• [Task details]: Below are the records; give again exactly the lines that run from the one with "Steel Champs Elysees Cufflinks" through the last line.

Short text fragments from websites:
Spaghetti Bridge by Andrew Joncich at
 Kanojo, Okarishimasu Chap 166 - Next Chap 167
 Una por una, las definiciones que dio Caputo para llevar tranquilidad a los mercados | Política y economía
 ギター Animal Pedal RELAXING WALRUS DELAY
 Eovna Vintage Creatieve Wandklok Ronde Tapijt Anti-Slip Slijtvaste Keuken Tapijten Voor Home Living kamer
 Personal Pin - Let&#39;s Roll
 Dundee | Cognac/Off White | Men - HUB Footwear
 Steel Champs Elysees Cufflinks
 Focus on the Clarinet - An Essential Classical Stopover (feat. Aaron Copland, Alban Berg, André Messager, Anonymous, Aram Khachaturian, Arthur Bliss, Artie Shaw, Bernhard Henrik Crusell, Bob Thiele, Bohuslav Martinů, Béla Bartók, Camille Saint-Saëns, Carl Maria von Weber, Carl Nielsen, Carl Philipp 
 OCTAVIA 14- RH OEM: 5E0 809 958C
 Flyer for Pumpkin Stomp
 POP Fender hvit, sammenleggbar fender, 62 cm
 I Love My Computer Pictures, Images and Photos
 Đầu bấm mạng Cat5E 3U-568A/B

• [Exercise solution]:
 Steel Champs Elysees Cufflinks
 Focus on the Clarinet - An Essential Classical Stopover (feat. Aaron Copland, Alban Berg, André Messager, Anonymous, Aram Khachaturian, Arthur Bliss, Artie Shaw, Bernhard Henrik Crusell, Bob Thiele, Bohuslav Martinů, Béla Bartók, Camille Saint-Saëns, Carl Maria von Weber, Carl Nielsen, Carl Philipp 
 OCTAVIA 14- RH OEM: 5E0 809 958C
 Flyer for Pumpkin Stomp
 POP Fender hvit, sammenleggbar fender, 62 cm
 I Love My Computer Pictures, Images and Photos
 Đầu bấm mạng Cat5E 3U-568A/B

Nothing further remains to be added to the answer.